Zander was also at the helm when new regulations regarding feed mills and food safety were required approximately six years ago. “We were among some of the first mills in the state to be HACCP-certified,” he said.
One of the most visible changes to take place during Zander’s term was an extensive re-model of the business, which included the construction of a new business office.
“The new office was four years in the works, so that felt good when we finally moved in,” he said.
Most significant to Zander are the people with whom he worked. “Fellow employees, customers, and vendors have become good friends,” he said. “Those are things that should not be overlooked.”
Zander said he has a lot to look forward to once he actually stops working.
“My wife, Shari, has already put together quite a honey-do list,” he said.
“We recently became grandparents, and have another one coming in May,” Zander said. “I am looking forward to grandpa-duties!”
Zander also wants to spend some time fishing and working on his golf game.
“Other than that, I want to just sit back and take what comes my way each day,” he said.
Officially, Zander retired just 20 days short of working for Munson Lakes for 36 years.
Stepping into some big boots
Scott Erdal is the man stepping into Munson Lakes’ general manager position.
Erdal said he heard about the job opening from an industry connection.

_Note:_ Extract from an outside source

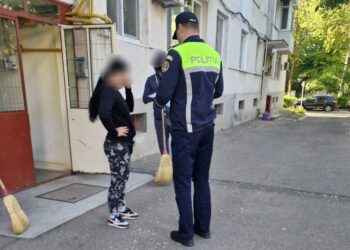 Acțiune a polițiștilor de informare a cetățenilor cu privire la infracțiunile de cruzime și maltratare a animalelor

He knew Munson Lakes well from work trading feed commodities earlier in his career.
“Munson Lakes is known as a reputable and growing feed company, with a solid foundation to build upon,” he said. “After a quick conversation with my family, I decided to pursue the opportunity, and begin the selection process,” he said.
Erdal’s first day on the job was Jan. 20.
Erdal said he first connected with Zander around the winter holidays to discuss plans for a successful changeover.
“Everything has gone really well with the transition to this point,” he said. “John and the rest of the team have done a great job of bringing me up to speed quickly, and introducing me to the operation.”
Erdal said he has learned a tremendous amount so far, and looks forward to picking up even more.
Plans for continued prosperity
Erdal’s short-term goals for Munson Lakes Nutrition include getting to know his employees and customers, as well as how the business’s facilities operate.
His long-term goals for Munson Lakes sound familiar. “I want to bring steady growth and performance to the operation while navigating a continuously changing ag industry,” he said. “The use of technology via automation, and our ability to adapt to our customers’ needs will be key for the success of Munson Lakes Nutrition.”